Your human capital is one of your greatest assets. Your earning capacity enables you to fund your current lifestyle and hopefully put money aside for your future expenditure. It’s extremely important to consider all the risks to your future financial security, but one of the most important risks is what would happen if you were unable to carry on working? Your earnings would stop and it’s highly likely that you wouldn’t be able to fund your current, or future, objectives.
So, what can you do if this happens? Or more importantly what can you do in advance to protect yourself in case this happens?
Thankfully, like my friend did, it’s relatively easy to protect at least some of your income stream using an insurance product known as permanent health insurance (PHI) or more accurately income replacement insurance. However, it appears that c.19m of UK employees do not have any form of income protection.
PHI provides a regular, tax-free (in the case of an individual policy) income if you are unable to work due to illness or incapacity. Benefits continue until recovery, death or the cessation age selected at the outset.
The benefit is paid after a deferred period, generally between one and 12 months, which is chosen when the policy is established. The longer the deferred period and the earlier the cessation age, the cheaper the cover will be. So if, for example, you know that your employer provides good sickness benefits and/or you have enough cash savings to tide you over for a period of time (and ideally you want to ensure that you have cash savings to cover a minimum of six months’ expenditure), you could opt for a longer deferral period.
The cessation age should usually be chosen to coincide with when you are likely to receive pension benefits or are planning on accessing other savings to fund your lifestyle having ceased paid work.
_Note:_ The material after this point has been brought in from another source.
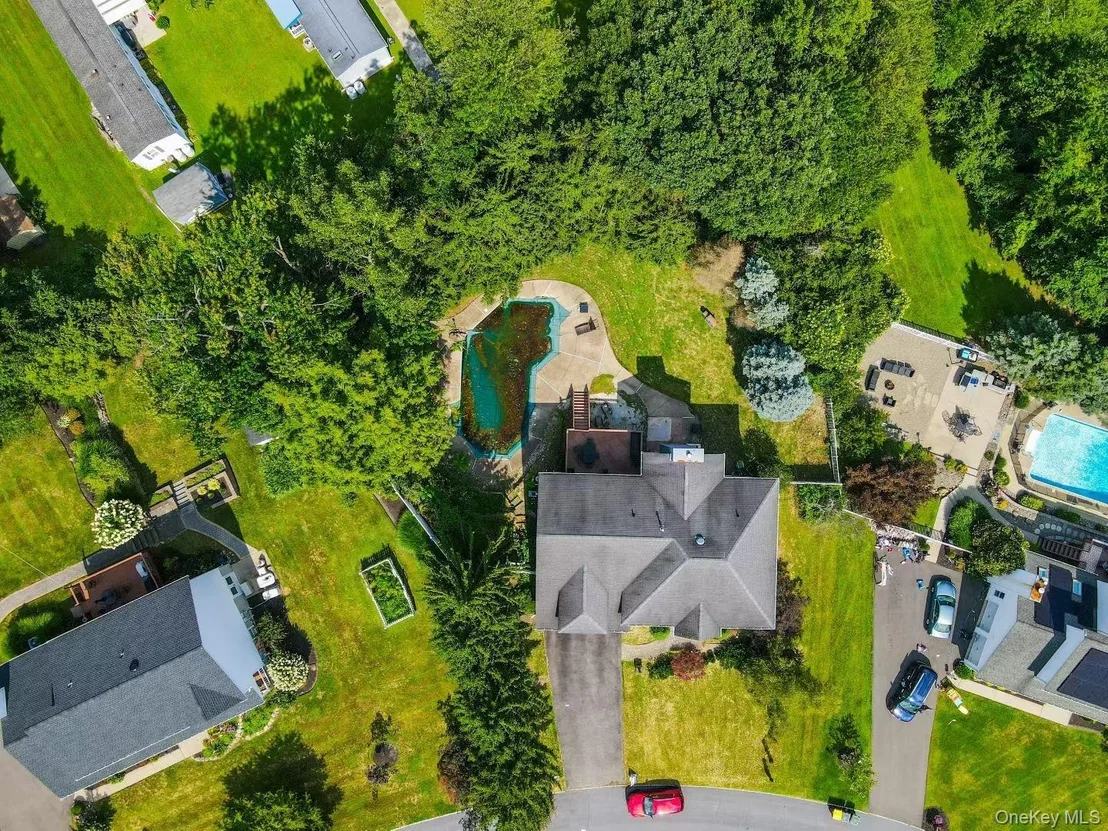 Photo of 1010 Pine View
Premiums can be either guaranteed throughout the policy term or subject to review periodically, with guaranteed premiums being more expensive at the outset. It is also possible to elect for the benefit to increase before and/or during a claim to provide some inflation protection. My view is that this is essential when considering this type of insurance, otherwise the purchasing power of the cover is gradually eroded by price inflation.
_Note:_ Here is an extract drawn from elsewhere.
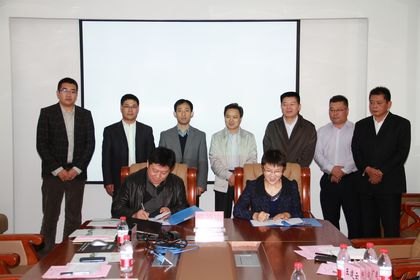 ѧУ�뽭��ʡ����н���У�غ���Ǣ̸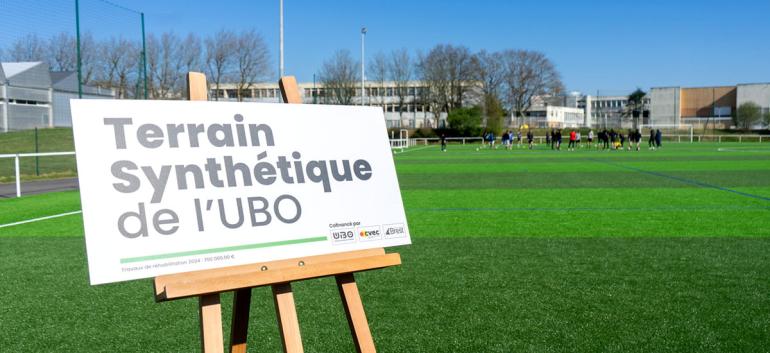 Terrain synthétique de l'UBO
The basis on which benefits are paid following a claim will also depend on the insurance company’s definition of incapacity. Incapacity can be defined as an inability to perform ‘any occupation’; ‘any occupation for which you are reasonably suited or trained’; ‘your own occupation’ or a number of ‘activities of daily living’.
In order to insure your future earnings based on your current role then ‘own occupation’ is the option to choose, although this is usually the most expensive.
PHI is one of the most under-used forms of insurance for reasons which have been variously attributed to the perceived time taken to underwrite benefits, their complexity and (perhaps more likely) a lack of awareness by individuals of the likelihood of needing to make a claim.
However, if you are dependent on your earnings for your current and future lifestyle, PHI is the only form of insurance which can provide prolonged protection against their loss.